▸ **WHAT YOU HAVE TO DO**
Drop the pictures, then repeat every record exactly as it stands.

▸ **SUPPLIED INFORMATION**
+++++
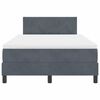 Produktminiatyrbild 7 av 11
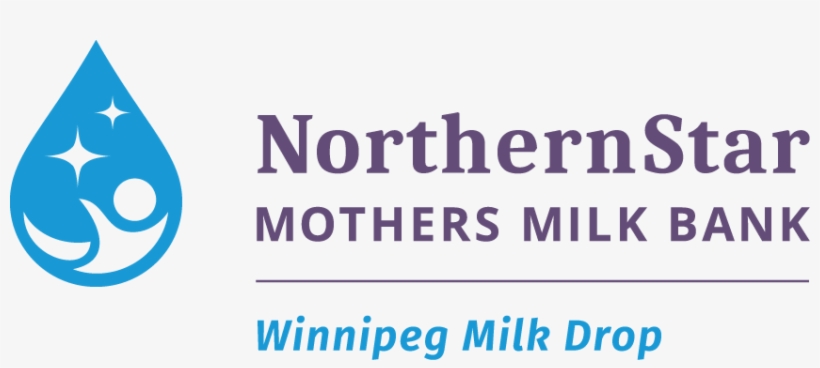 Manitoba Milk Drops - Red Deer, transparent png #3661877
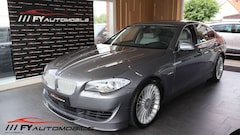 Bild des Angebotes Alpina B5 B5 Limousine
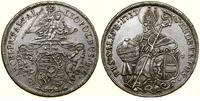 Austria, talar, 1733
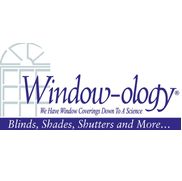 Window-ology, Inc.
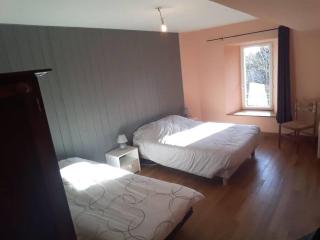 Holydays House, maison en Normandie, Manche, - - 5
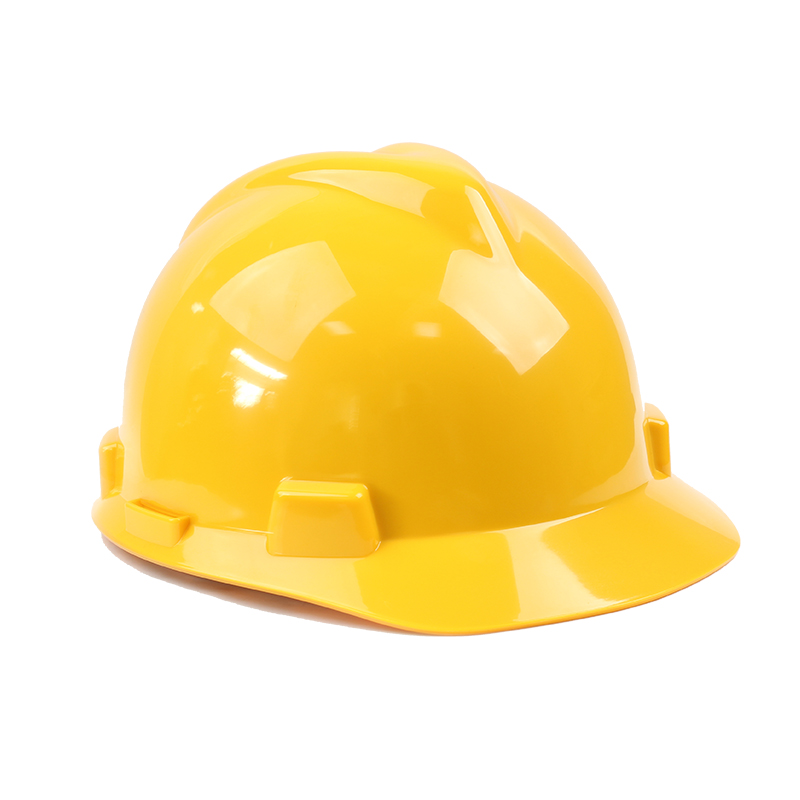 河南收费站绿通悲剧：司机被要求登上损坏梯子查货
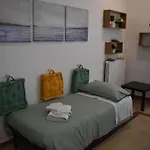 Il Botticino Appartamento Nel Cuore Di Bari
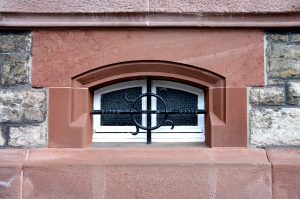 Basement Window Installation Milton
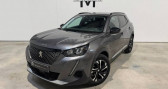 Peugeot 2008 PureTech 130 S&S EAT8 Allure   Monistrol-sur-Loire 43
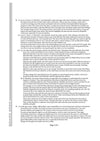 i-Succeed ISC 10 Sample Question Papers Class 12 Literature in English (Paper 2) Exam 2027 | Colour-Coded Revision Cheat Sheets, Council Style Detailed Answers | Based on ISC Syllabus 2027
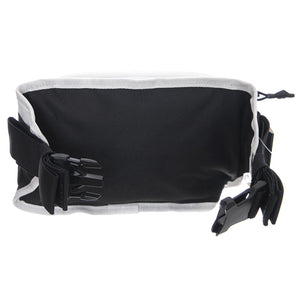  NF0A4SINKY4  THE NORTH FACE 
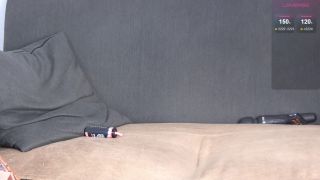 Explore Intimate Moments with Sapphirealice on Webcam: 35 Ho-2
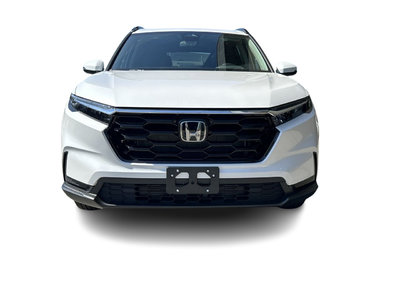 Honda CR-V  2025 à North Vancouver, Colombie-Britannique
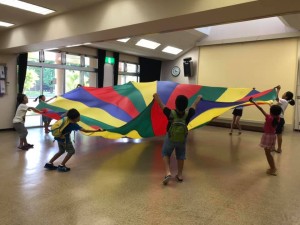 68552997_2188764174579064_987698145704017920_n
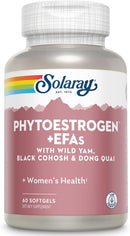 solaray-phytoestrogen-plus-efas-menopause-support--1.jpg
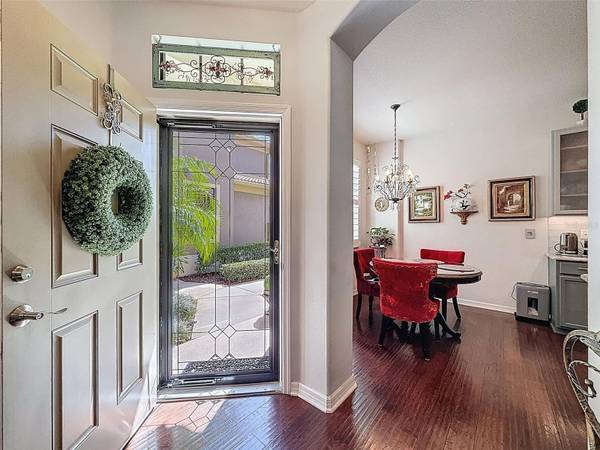 2539 SILVERBACK CT, Palm Harbor, FL 34684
+++++
▸ **RESPONSE**
 Produktminiatyrbild 7 av 11
 Manitoba Milk Drops - Red Deer, transparent png #3661877
 Bild des Angebotes Alpina B5 B5 Limousine
 Austria, talar, 1733
 Window-ology, Inc.
 Holydays House, maison en Normandie, Manche, - - 5
 河南收费站绿通悲剧：司机被要求登上损坏梯子查货
 Il Botticino Appartamento Nel Cuore Di Bari
 Basement Window Installation Milton
 Peugeot 2008 PureTech 130 S&S EAT8 Allure   Monistrol-sur-Loire 43
 i-Succeed ISC 10 Sample Question Papers Class 12 Literature in English (Paper 2) Exam 2027 | Colour-Coded Revision Cheat Sheets, Council Style Detailed Answers | Based on ISC Syllabus 2027
  NF0A4SINKY4  THE NORTH FACE 
 Explore Intimate Moments with Sapphirealice on Webcam: 35 Ho-2
 Honda CR-V  2025 à North Vancouver, Colombie-Britannique
 68552997_2188764174579064_987698145704017920_n
 solaray-phytoestrogen-plus-efas-menopause-support--1.jpg
 2539 SILVERBACK CT, Palm Harbor, FL 34684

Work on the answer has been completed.